Among these 60 different rebars were steel bars with 33 different organic coatings, of which 22 were bendable and 11 were non-bendable coatings. The bars were obtained from 15 organizations in the United States, Canada, Japan, England, and Germany. Of these, 17 coatings were utilized in conjunction with new improved steel surface cleaning processes and/or chemical treatments. In addition, since reinforcing bars are typically subjected to various severe conditions during their transportation, storage, installation, and service, the testing was designed to simulate field conditions.

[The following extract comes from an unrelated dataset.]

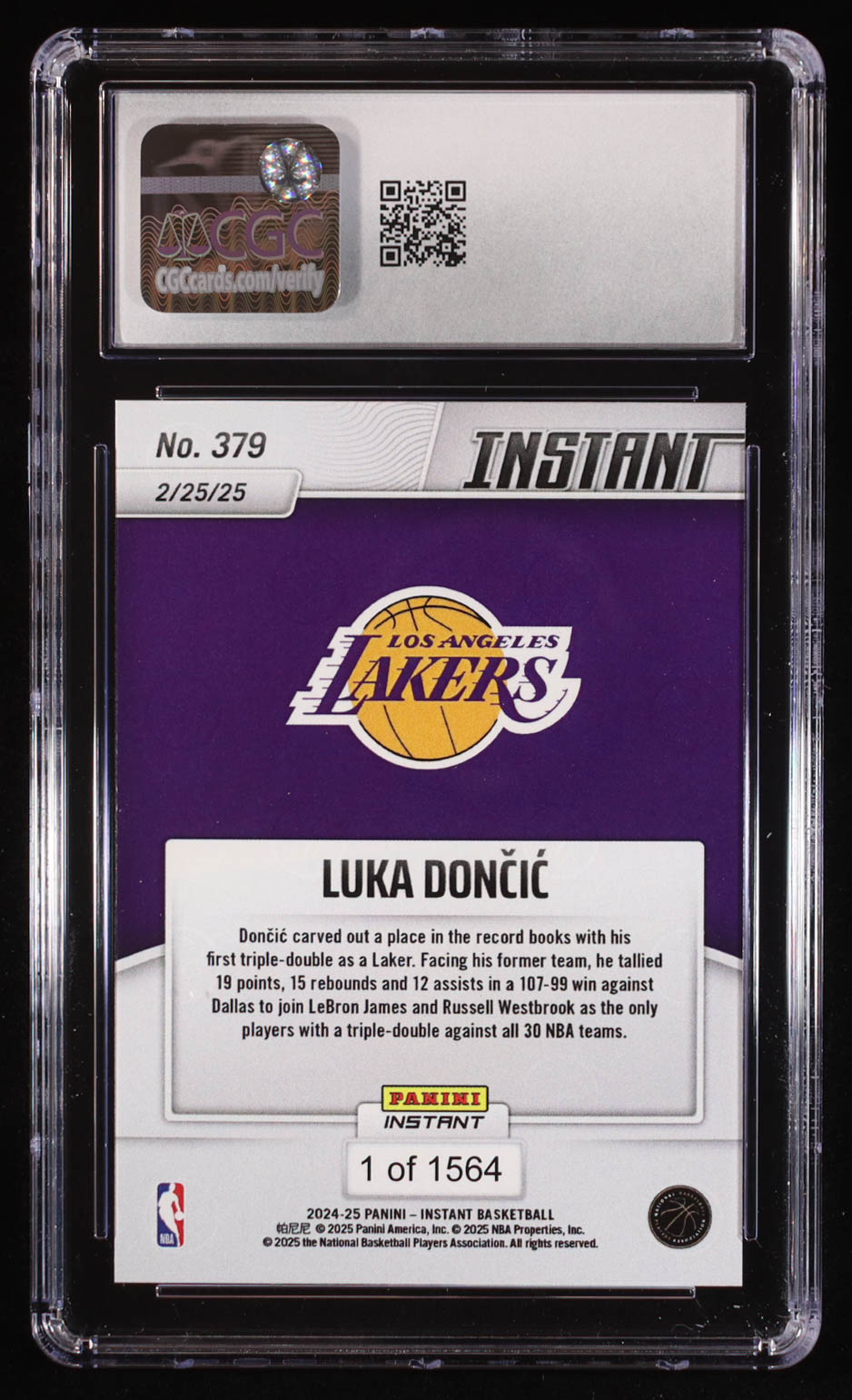 Luka Doncic 2024-25 Panini Instant #379 (CGC 10) at PristineAuction.com Luka Doncic 2024-25 Panini Instant #379 (CGC 10) at PristineAuction.com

In the Phase I prescreening tests, these rebars were subjected to accelerated solution-immersion screening and cathodic disbonding (CD) tests, using both straight and bent (to 4 D) specimens, each with one 6-mm hole drilled into the coating to simulate severed damage in the coating (29). The adopted test conditions are presented in Table 3. For the immersion tests, four solutions, of different compositions and pHs, were selected to produce corrosion and disbondment that the researchers believed to represent what could be expected during storage at construction sites, installation operations, and in-service behavior within mature concrete (Table 3). The specimens were immersed in these solutions at 55°C for up to 28 days. After immersion for 1, 3, 7, and 28 days the coated bars were visually examined for blisters, cracks, corrosion, and adhesion loss. The adhesion of the coatings was evaluated on both the straight and the bent sections of the bars, using the knofe-peel adhesion tests described in ASTM G1, while the bars were wet and again after 1 and 7 days of air drying.

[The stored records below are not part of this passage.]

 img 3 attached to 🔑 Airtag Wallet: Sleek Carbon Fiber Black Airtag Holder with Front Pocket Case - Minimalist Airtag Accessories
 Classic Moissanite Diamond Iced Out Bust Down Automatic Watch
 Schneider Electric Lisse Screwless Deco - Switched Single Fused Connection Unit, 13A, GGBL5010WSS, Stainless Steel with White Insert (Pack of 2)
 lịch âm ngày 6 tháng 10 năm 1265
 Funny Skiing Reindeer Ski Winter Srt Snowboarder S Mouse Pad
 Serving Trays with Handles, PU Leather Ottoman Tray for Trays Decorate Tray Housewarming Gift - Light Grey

To assess coating quality, the coating industry has been utilizing cathodic disbondment tests, which are described in AASHTO M284, ASTM A775, ASTM D3963, ASTM G8, and ASTM G42. To make the CD test in this study more severe than similar tests conducted by others, this test was conducted on 4-D bent bars (instead of typically straight bars) to introduce bending stresses on the coatings. As Table 3 indicated, the tests were conducted at a potential of -1,000 mV (versus static potential) over a period of 28 days at 23°C in a solution of 0.3N KOH + 0.05N NaOH at pH 13.3. This solution was used because it had previously been shown to produce more disbondment of organic coatings than other solutions. After 1 hr, 7 days, and 28 days of CD testing, impedance measurements were performed on the specimens; and, coating adhesion evaluation of the specimens was conducted only after the 28-day period.

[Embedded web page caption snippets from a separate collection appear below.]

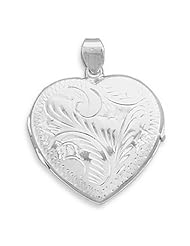 .925 Sterling Silver Exotic Large Etched Heart Locket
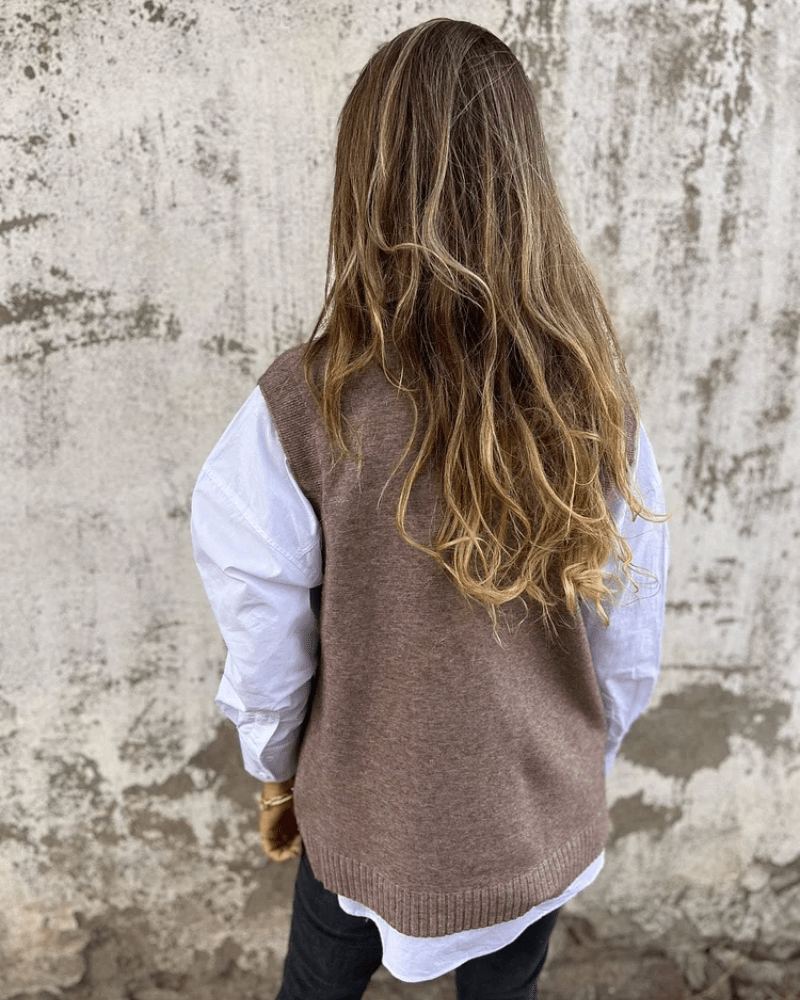 Oversized V Neck Sleeveless Knit Sweater Vest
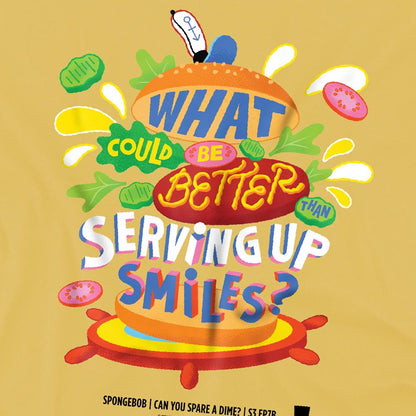 Banana Yellow - Side - SpongeBob SquarePants Unisex Adult Serving Up Smiles T-Shirt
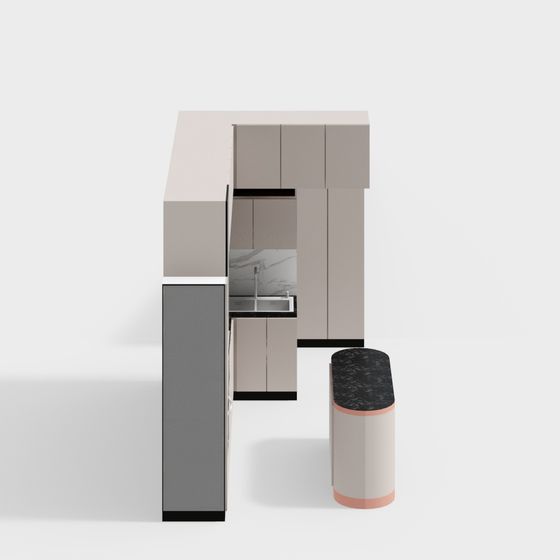 Urban Kitchen Low-Poly 3D model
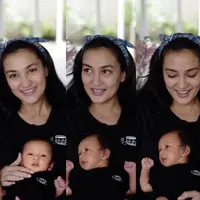 Atiqah Hasiholan dan bayinya. (Instagram/atiqahhasiholan)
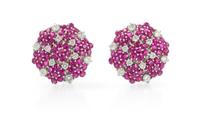 A Pair of 18 Karat White Gold, Ruby and Diamond Earclips, 13.00 dwts.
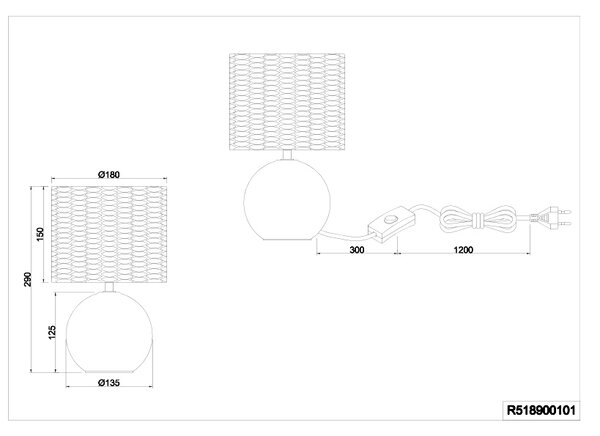 Φωτιστικό Επιτραπέζιο Trio Lighting VINA 518900101 Λευκό (White)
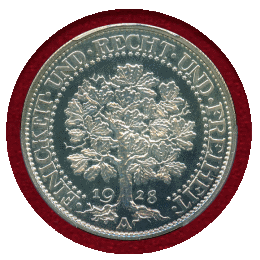 ドイツ ワイマール共和国 1928A 5マルク 銀貨 オークツリー PCGS PR64CAM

Table 3. Adopted Test Conditions

Test	Solution Immersion		Cathodic Disbonding
Specimen Type (Number)	Straight bars (16)	4-D Bent bars (8)	4-D Bent bars (2)
Solutions	deionized water (pH 7) 3 % NaCl (pH 7) 0.3N KOH+0.05N NaOH (pH 13.4) 0.3N KOH + 0.05N NaOH + 3 % NaCl (pH 13.3) All at 55°C (13 1°F)	Same	0.3N KOH + 0.05N NaOH (pH 13.4) at 23°C (73°F)
Duration	1,3,7, and 28 d	Same	28 d (at 1000 mV)
Coatings Tested	22 bendable 11 nonbendable	20 bendable 6 nonbendable*	21 bendable 6 nonbendable

* applied on prebent bars

In Phase II, seven of the best performing coatings from Phase I and three other new coatings (the 3M 213 bendable epoxy coating and two non-bendable coatings—an epoxy and a vinyl) were vigorously screened (30). The adhesion of these 10 coating systems on straight, 4D, 6D, and SD bent bars were tested, after solution immersion tests and cathodic disbonding tests, which were conducted under the conditions listed in Table 4.

Table 4. Test Conditions

Test	Solution Immersion	Cathodic Disbondment
Specimen Type	1. Straight bars 2. 4-D bent bars 3. 6-D bent bars 4. 8-D bent bars	1. Straight bars 2. 4-D bent bars 3. 6-D bent bars 4. 8-D bent bars
Intentional Coating Damage		Two 6-mm drilled holes
Replicates	4 per solution	3
Test Solutions	Deionized water 0.3N KOH+0.05N NaOH +9 % NaCl (Cl^-/OH^- 4.5)	0.3N KOH+0.05N NaOH (pH 13.3)
Temperature	55°C (131°F)	23°C (73°F)
Potential Shift	-	-1,000 mV (CSE)
Test Duration	28 days	7 days

The following general observations were made:

In the immersion test using deionized water (pH 7), any corrosion on the bars did not extend under the film, even if a coating was poorly bonded. Thus, loss of adhesion may not necessarily be a precursor to corrosion under the coating.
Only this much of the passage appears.